For the reasons discussed below, the Board does not anticipate that the Federal Reserve or taxpayers will incur any net loss on the loans provided by the Federal Reserve Bank of New York (FRBNY) under the Term Asset-Backed Securities Loan Facility (TALF), to American International Group, Inc. (AIG), or to Maiden Lane LLC, Maiden Lane II LLC, or Maiden Lane III LLC (collectively, the "Maiden Lane facilities"). In making these assessments, the Board has considered, among other things, the terms and conditions governing the relevant facility and the type, nature, and value of the current collateral or other security arrangements associated with the facility. As discussed earlier in this report, the Federal Reserve has established various terms and conditions governing the types of collateral that may be pledged in support of a loan under a facility in order to mitigate the risk of loss. In the case of the Maiden Lane facilities, the Board also has considered analyses of the projected returns on the portfolio holdings of the respective special purpose vehicle (SPV) (the assets of which serve as collateral for the loan(s) extended to the SPV) conducted by the FRBNY or its advisors in connection with the most recent quarterly revaluation of the assets of each SPV.

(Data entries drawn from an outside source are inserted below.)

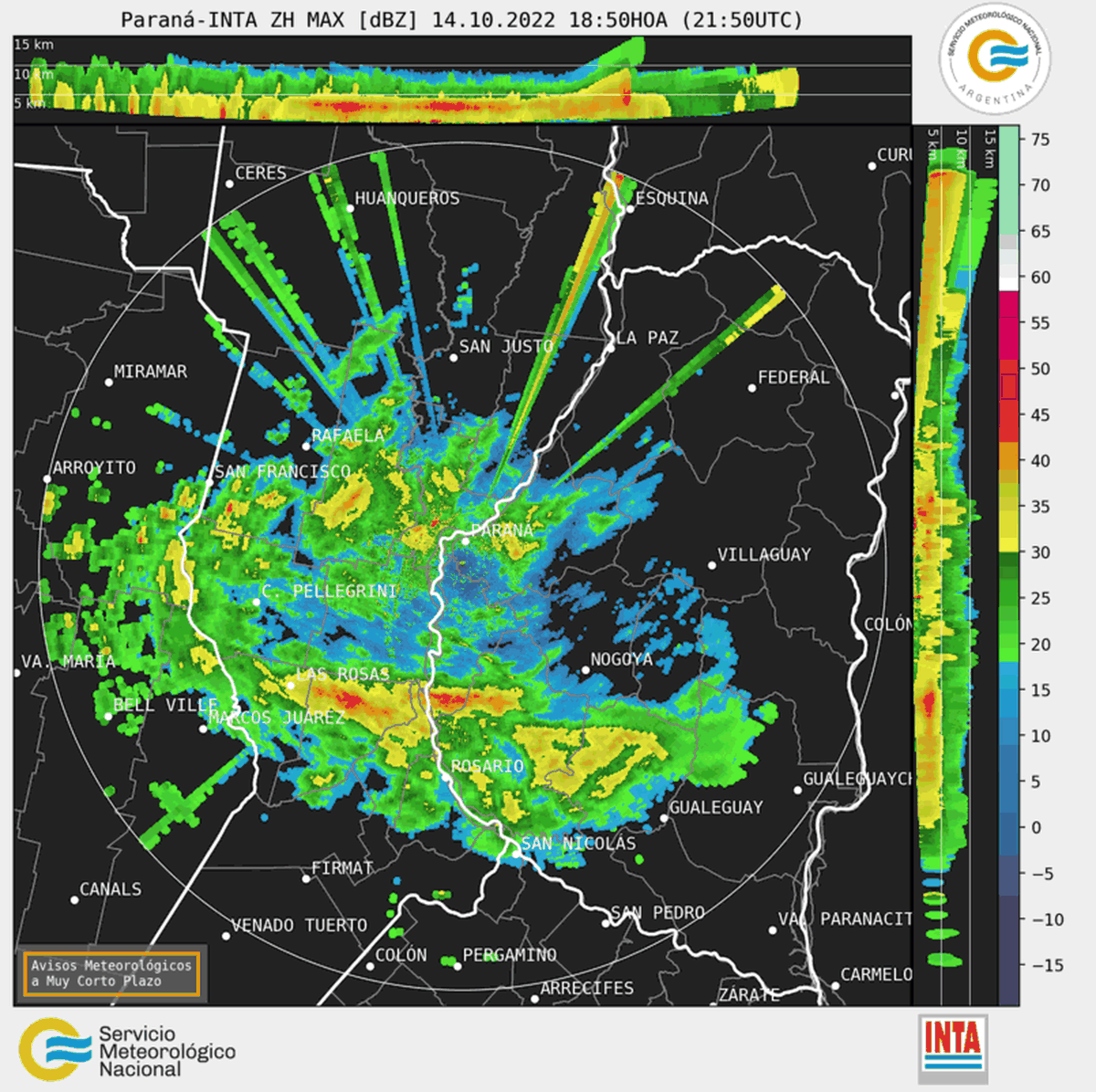 Se producen lluvias de variada intensidad, predominando las lluvias leves (visible en la imagen de radar).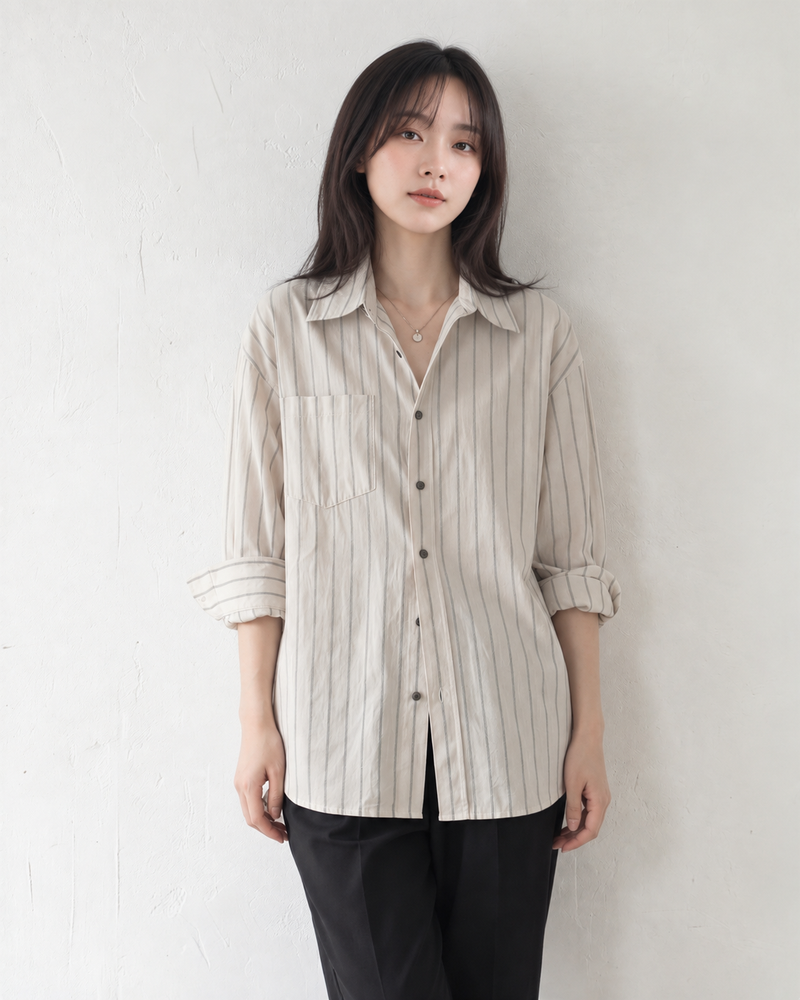 「兩色」「秋季新品 」S-XL 寬鬆條紋拼接口袋襯衫
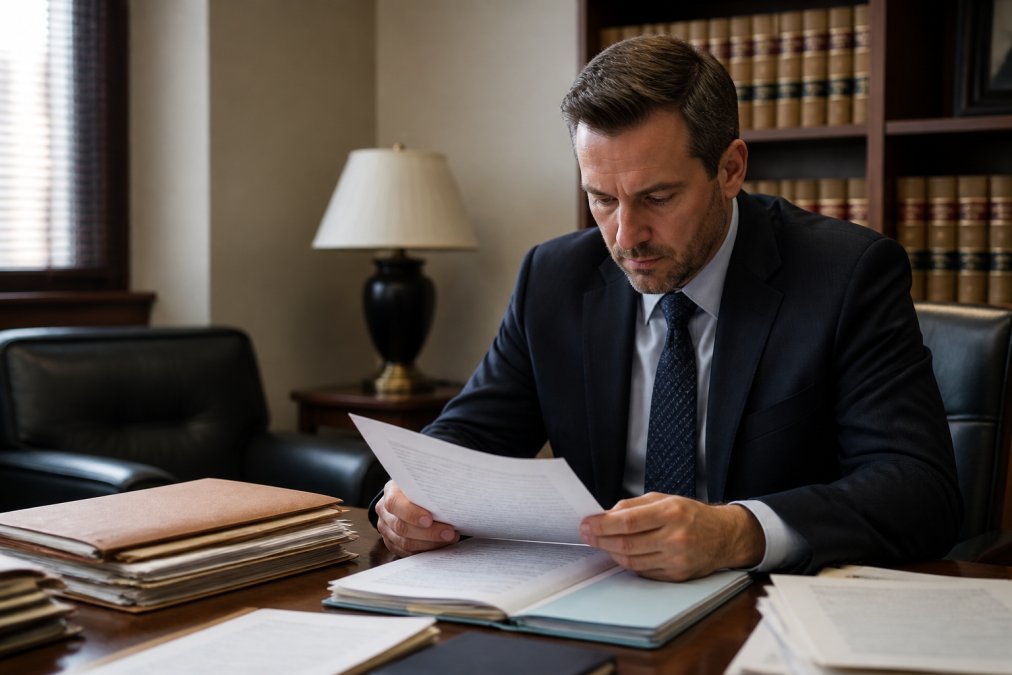 Criminal defense attorney in professional business attire reviewing case documents and legal files at a wooden desk in a law office, with law books and case folders visible in background, natural office lighting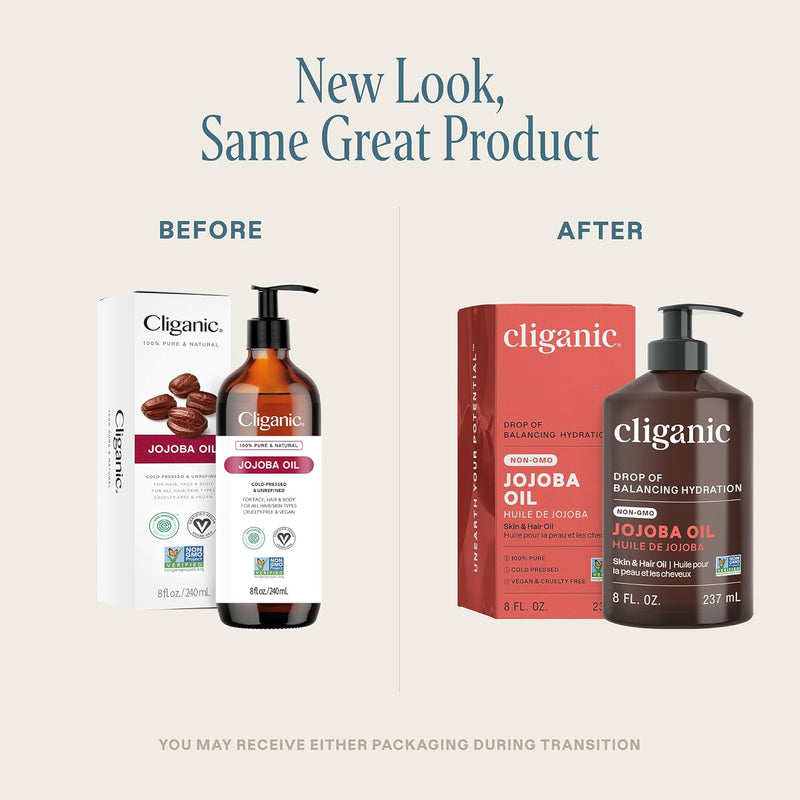Cliganic Non-GMO Jojoba Oil for Skin, Hair & Face (8oz) | 100% Pure, Natural Cold Pressed Unrefined Hexane Free (Packaging May Vary) Infinity Warehouse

Commercial Paper Funding Facility
As noted above, all commercial paper holdings of the CPFF have matured. The CPFF incurred no losses on its commercial paper holdings, and accumulated nearly $5 billion in earnings, primarily from interest income, credit enhancement fees, and registration fees. The cash equivalents and other securities held by the CPFF LLC have also matured, and the Federal Reserve expects that it will dissolve the LLC following the payment of accrued professional fees and the termination or expiration of existing contractual arrangements. In light of the substantial amount of interest income and fees earned under the CPFF, the Board does not expect the CPFF to result in any loss to the Federal Reserve or taxpayers after dissolution of the CPFF LLC.

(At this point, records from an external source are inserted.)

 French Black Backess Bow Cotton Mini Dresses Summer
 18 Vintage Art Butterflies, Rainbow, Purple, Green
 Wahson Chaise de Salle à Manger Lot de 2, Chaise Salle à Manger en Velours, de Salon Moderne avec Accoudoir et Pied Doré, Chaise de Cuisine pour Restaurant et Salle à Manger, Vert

Term Asset-Backed Securities Loan Facility
Under the TALF, the FRBNY made loans on a collateralized basis to holders of eligible asset-backed securities (ABS) and commercial mortgage-backed securities (CMBS). The potential for the Federal Reserve or taxpayers to incur any net loss on the TALF loans extended by the FRBNY to the holders of ABS and CMBS is mitigated by the quality of the collateral, the risk assessment performed by the FRBNY on all pledged collateral, and the margin by which the value of the collateral exceeds the amount of the loan (the haircut). Potential losses to the Federal Reserve also are mitigated by the portion of interest on the TALF loans to borrowers transferred to TALF LLC and by the credit protection provided by the Treasury under the Troubled Asset Relief Program (TARP) (initially $20 billion and subsequently reduced to $4.3 billion in light of the $43 billion in TALF loans outstanding when the TALF closed to new lending on June 30, 2010), both of which are available to TALF LLC to purchase any collateral received by the FRBNY from a borrower in lieu of repaying a TALF loan or foreclosed upon due to a default by the borrower. The TALF closed to new lending on June 30, 2010. TALF loans extended by the FRBNY during the program will mature over the next several years, with all loans maturing no later than March 30, 2015.

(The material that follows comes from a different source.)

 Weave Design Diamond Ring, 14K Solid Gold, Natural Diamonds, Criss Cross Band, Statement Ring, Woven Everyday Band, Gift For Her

Loans to Maiden Lane LLC, Maiden Lane II LLC, and Maiden Lane III LLC
The portfolio holdings of each of Maiden Lane LLC (Maiden Lane), Maiden Lane II LLC (ML-II), and Maiden Lane III LLC (ML-III) are revalued in accordance with generally accepted accounting principles (GAAP) as of the end of each quarter to reflect an estimate of the fair value of the assets on the measurement date. The fair value determined through these revaluations may fluctuate over time. In addition, the fair value of the portfolio holdings that is reported on the weekly H.4.1 statistical release reflects any accrued interest earnings, principal repayments, expense payments and, to the extent any may have occurred since the most recent measurement date, realized gains or losses. The fair values as of July 28, 2010--as shown in table 1 of this report and reported in the H.4.1 release for that date--are based on quarterly revaluations as of June 30, 2010.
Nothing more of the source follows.